Container id: container_1461679867178_0026_01_000005
Exit code: 1
Stack trace: ExitCodeException exitCode=1:
at org.apache.hadoop.util.Shell.runCommand(Shell.java:561)
at org.apache.hadoop.util.Shell.run(Shell.java:478)
at org.apache.hadoop.util.Shell$ShellCommandExecutor.execute(Shell.java:738)
at org.apache.hadoop.yarn.server.nodemanager.DefaultContainerExecutor.launchContainer(DefaultContainerExecutor.java:210)
at org.apache.hadoop.yarn.server.nodemanager.containermanager.launcher.ContainerLaunch.call(ContainerLaunch.java:302)
at org.apache.hadoop.yarn.server.nodemanager.containermanager.launcher.ContainerLaunch.call(ContainerLaunch.java:82)
at java.util.concurrent.FutureTask.run(FutureTask.java:262)
at java.util.concurrent.ThreadPoolExecutor.runWorker(ThreadPoolExecutor.java:1145)
at java.util.concurrent.ThreadPoolExecutor$Worker.run(ThreadPoolExecutor.java:615)
at java.lang.Thread.run(Thread.java:745)
Any tips or advises are welcome.
From my previous experience there are two possible scenarios which might be causing this not very descriptive error (I am submitting jobs from Eclipse, but using Java)
I noticed that you are not passing the JAR to the configuration of the SparkContext.

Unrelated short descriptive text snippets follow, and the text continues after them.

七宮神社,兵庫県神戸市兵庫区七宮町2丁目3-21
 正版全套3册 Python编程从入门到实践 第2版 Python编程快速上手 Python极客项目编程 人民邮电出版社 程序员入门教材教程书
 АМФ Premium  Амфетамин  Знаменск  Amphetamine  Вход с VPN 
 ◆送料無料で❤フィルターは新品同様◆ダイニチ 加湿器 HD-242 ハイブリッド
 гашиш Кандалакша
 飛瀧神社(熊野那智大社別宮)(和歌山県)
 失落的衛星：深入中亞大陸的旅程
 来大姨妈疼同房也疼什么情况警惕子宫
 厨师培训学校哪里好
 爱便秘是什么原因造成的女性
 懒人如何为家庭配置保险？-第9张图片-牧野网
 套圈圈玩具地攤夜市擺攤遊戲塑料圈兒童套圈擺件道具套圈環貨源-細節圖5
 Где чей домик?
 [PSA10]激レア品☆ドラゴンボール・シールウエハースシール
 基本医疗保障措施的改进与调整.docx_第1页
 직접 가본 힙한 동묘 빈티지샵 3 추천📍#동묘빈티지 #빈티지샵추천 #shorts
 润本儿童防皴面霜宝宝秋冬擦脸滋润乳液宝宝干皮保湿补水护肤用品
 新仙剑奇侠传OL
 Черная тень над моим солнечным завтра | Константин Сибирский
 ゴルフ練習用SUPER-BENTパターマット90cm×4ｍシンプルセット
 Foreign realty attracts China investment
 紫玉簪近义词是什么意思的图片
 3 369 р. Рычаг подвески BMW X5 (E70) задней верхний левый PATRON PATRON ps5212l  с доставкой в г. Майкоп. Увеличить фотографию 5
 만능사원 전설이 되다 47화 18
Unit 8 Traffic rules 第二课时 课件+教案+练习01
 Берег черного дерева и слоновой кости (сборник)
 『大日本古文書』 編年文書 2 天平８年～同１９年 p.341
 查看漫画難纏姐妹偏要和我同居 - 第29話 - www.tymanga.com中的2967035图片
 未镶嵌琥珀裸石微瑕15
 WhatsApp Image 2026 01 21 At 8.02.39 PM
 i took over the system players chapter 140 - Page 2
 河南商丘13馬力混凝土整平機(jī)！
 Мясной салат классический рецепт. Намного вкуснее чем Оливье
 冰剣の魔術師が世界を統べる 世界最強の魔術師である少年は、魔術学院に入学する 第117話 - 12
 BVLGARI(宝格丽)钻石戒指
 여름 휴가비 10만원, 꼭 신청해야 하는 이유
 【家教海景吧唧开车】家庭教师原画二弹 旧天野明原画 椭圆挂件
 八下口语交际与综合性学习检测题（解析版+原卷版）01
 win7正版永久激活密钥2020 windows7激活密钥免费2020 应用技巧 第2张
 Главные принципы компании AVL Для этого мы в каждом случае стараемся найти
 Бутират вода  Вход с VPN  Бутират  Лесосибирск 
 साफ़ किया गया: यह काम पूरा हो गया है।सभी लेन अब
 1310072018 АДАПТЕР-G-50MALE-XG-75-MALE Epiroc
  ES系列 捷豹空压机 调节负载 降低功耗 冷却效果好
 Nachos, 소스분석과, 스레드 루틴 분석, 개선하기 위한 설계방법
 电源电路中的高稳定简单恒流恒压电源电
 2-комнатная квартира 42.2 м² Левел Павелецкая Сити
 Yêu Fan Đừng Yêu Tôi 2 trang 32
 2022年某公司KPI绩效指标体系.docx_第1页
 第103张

If I remove the line which passed the JAR when submitting from Eclipse my code fails with exactly the same error. So basically you setup the path to the not-yet existing JAR into your code, then you export your project as Runnable JAR, which would package all the transitive dependencies into it, to the path you have previously set in your code. This is how it looks in Java:
SparkConf sparkConfiguration = new SparkConf();
sparkConfiguration.setJars(new String[] { "path to your jar" });
Check if your cluster is healthy, you might have your tmp directories full. Check all hadoop logging files, some of them (sorry cannot remember which ones) are giving more details (some warnings) when this happens.